Jednym ze słabych punktów znowelizowanej ustawy jest narzucenie gminom organizacji systemu w oparciu o przetargi na odbiór lub odbiór i zagospodarowanie odpadów komunalnych, bez żadnej możliwości samodzielnego decydowania o innych sposobach. Z art. 6d i 6e ustawy u.c.p.g. stanowczo nie zgodził się prezydent Inowrocławia, Ryszard Brejza. Wystąpił on z wnioskiem do Trybunału Konstytucyjnego o zbadanie zgodności tych przepisów z Konstytucją. Wywołało to burzliwą dyskusję, której pokłosiem były stanowcze zapewnienia przedstawicieli rządu (podczas spotkania Komisji Wspólnej Rządu i Samorządu Terytorialnego) o braku możliwości wycofania się z tak fundamentalnego elementu znowelizowanej ustawy.
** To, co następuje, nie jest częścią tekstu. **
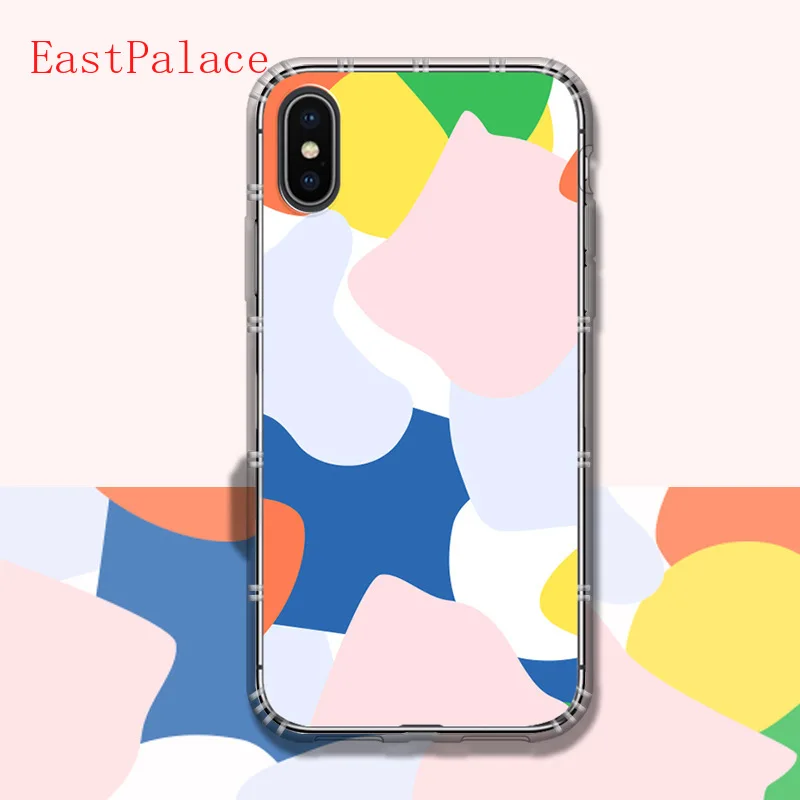 3D Abstract Patterned Case for IPhone X XS MAX XR 8 6 6s 7 PLUS 7plus 8plus Cases Back Cover Dirt-resistant Shockproof |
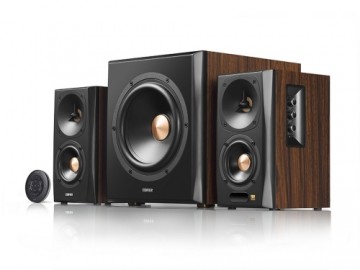 Edifier S360DB Speakers 2.1 (brown)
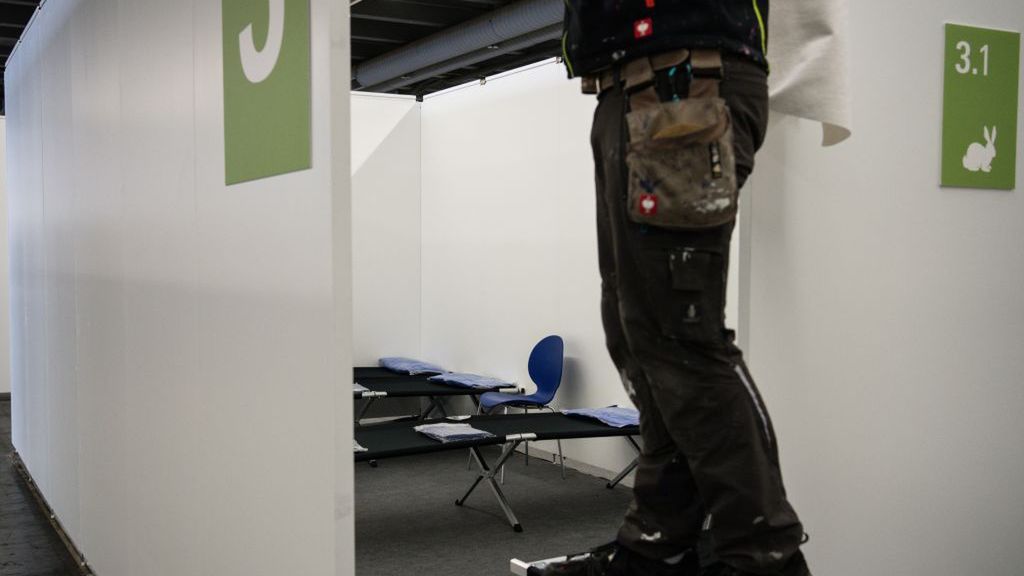 Dramat Ukrainki w obozie dla uchodźców w Niemczech. Zdjęcie ilustracyjne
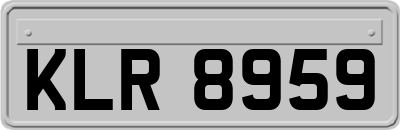 KLR8959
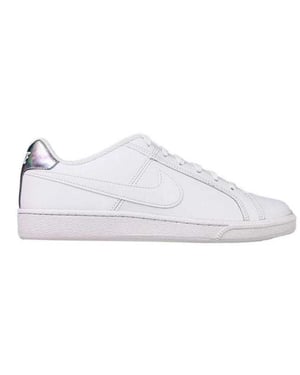 Nike Dames/Dames Court Royale Leren Trainers (Wit/zilver)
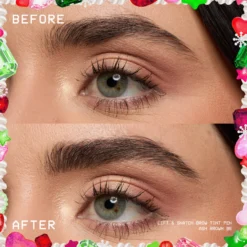NYX Professional Makeup Brow Tint Pen Ash Brown och The Brow Glue Crazy Lift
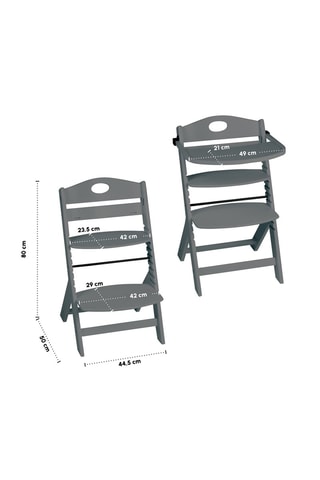 Beukenhouten Kinderstoel Family Pro - Vanaf 36 maanden - T/m 75 kg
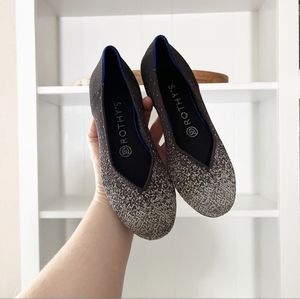 Rothy's round toe flats limited edition 7.5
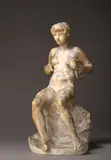 Baigneuse Zoubaloff Modèle créé avant 1888 by Auguste Rodin, Plâtre, sold Mar 2025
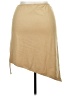Vanity Solid Tan Casual Skirt Size XL - photo 2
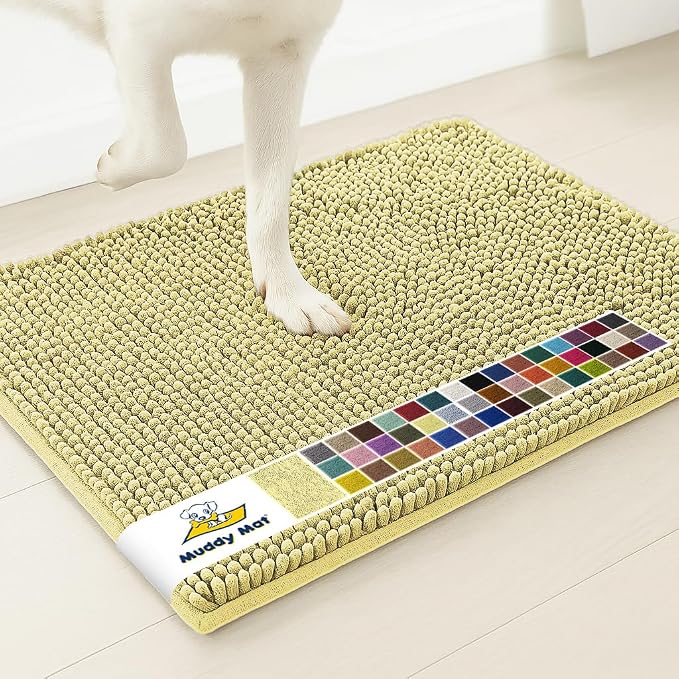 Muddy Mat® | Super Water Absorbent Door Mat Indoor, Microfiber Quick Dry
Jako reprezentant spółek komunalnych z większościowym udziałem samorządowym KIGO wielokrotnie postulowało, aby zapewnić gminom możliwości korzystania z zasad zgodnych z doktryną „in house”. Taki system, jak dowodzą przykłady systemów organizacji rynku odpadowego, zastosowane u naszych sąsiadów – np. w Szwecji i Niemczech – jest efektywny ekologicznie i ekonomicznie. Niestety, nasze postulaty nie zostały uwzględnione w ostatecznym kształcie ustawy, musimy więc wywiązać się z obowiązków, które wynikają z nowych przepisów. Samorządy powinny, respektując obowiązujące przepisy, przystąpić do realizacji nowych, trudnych zadań. Jednocześnie wszyscy oczekujemy jak najszybszych rozstrzygnięć w odniesieniu do kontrowersyjnych i niespójnych zapisów. Nie możemy zapominać o tym, jak długo czekaliśmy na przepisy dające gminom „władztwo” nad odpadami, dzięki któremu mamy szansę na skuteczne zagospodarowywanie odpadów. To jest nadrzędny cel tej ustawy i naszych wieloletnich działań – mówi T. Uciński. – W dobie rewolucyjnych zmian w polskim sektorze odpadowym, dzięki współpracy instytucji państwowych, samorządowych oraz podmiotów prywatnych i samorządowych, przedsiębiorstwa komunalne mogą być sprawnym i wypróbowanym partnerem w realizacji zadań publicznych, z korzyścią dla mieszkańców i rozwoju całego sektora odpadowego. W przypadku wyeliminowania firm komunalnych z rynku niemożliwe będzie osiągnięcie zaplanowanych poziomów odzysku i recyklingu. Musimy szanować prawo, siebie nawzajem i dążyć do usprawnienia systemu.